It was definitely Tom's best collection for Gucci. The work in the clothes was exquisite, from the oversized face framing collars to the anatomical seaming in the torsos and skirts, the tiny rows of grommets on the seams, the voluminous coats that opened the show, the cocktail and evening dresses.....I could go on but it could easily fill a thread.

As always with Tom's work, the presentation was perfect. The styling was dead on, the rose petal runway was so beautiful, the music was fitting. But more than that the clothes were special even out of the context of the show. Each piece was significant.

It seems like during every fashion week someone winds up posting a reminder of the good old days at Gucci and it winds up making the current collection seem even more depressing.

My mother actually has that pale lilac/platinum off the shoulder dress Mariacarla has on, only it's in black. The construction of it is so beautiful.

Agree 100%

This show was special. It was probably one of the best, most moving, most beautiful shows I've ever seen.

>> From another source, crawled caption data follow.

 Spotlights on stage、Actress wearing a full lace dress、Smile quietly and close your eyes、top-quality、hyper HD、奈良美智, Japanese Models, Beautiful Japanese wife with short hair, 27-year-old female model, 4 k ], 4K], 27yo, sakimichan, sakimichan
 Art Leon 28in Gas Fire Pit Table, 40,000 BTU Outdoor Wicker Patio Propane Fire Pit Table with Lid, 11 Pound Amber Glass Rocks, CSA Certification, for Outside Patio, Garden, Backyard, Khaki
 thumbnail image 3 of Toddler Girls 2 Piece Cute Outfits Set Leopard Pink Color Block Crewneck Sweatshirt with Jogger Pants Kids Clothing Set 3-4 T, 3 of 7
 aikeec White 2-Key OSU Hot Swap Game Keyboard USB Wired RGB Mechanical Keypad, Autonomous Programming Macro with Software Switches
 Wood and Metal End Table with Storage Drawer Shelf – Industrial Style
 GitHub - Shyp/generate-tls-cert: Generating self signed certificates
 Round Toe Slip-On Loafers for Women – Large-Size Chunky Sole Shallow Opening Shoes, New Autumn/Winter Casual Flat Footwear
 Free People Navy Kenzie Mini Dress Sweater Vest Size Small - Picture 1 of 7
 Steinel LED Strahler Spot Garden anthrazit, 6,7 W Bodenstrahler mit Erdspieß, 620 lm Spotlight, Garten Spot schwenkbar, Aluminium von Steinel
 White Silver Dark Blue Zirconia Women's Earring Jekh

As Ford said, "I wanted to make people cry for beauty".

And lots of people did. It was BEYOND fashion.
 
Review from style.com

MILAN, March 1, 2003

By Sarah Mower

This season every major designer is talking about creating a "beauty" strong enough to defy our anxious times. Backstage that was the word Tom Ford used to characterize his Fall collection for Gucci—a collection in which beauty was personified as a power vixen extravagantly armored to face down a troubled world.

She made her first entrance in a white coat with a huge collar, ballooning pushed-up sleeves and a full skirt, her midsection lashed into a buckled, corseted belt. With wicked black, spiky over-the-knee boots and long leather gloves, she struck the high-glam silhouette that dominated the show through a sequence of coats, jackets and slinky skirts seamed to cling to every dangerous curve.

The Gucci mini of last season was dropped—literally. Now the length is back down to the knee, with the emphasis on dramatic upstanding collars and voluminous sleeves, often exaggerated in fur and contrasted with the erotic suggestiveness of lingerie beneath. The skirts and dresses—paneled, ruched and pieced together with strips of ribbon—called up comparisons with corsetry. For evening, there were gowns constructed with cutout zones of sparkling mesh and frilled bra tops; others snaked to the floor, held in place with complex asymmetric straps crossing the torso and shoulders.

If Ford is treading the territory mapped out by Thierry Mugler and Azzedine Alaïa in the ’80s, it’s no surprise. Much of fashion is heading in that direction anyway, and Ford, after all, bases Gucci’s entire brand proposition on finding new ways of upping the ante on sex season after season.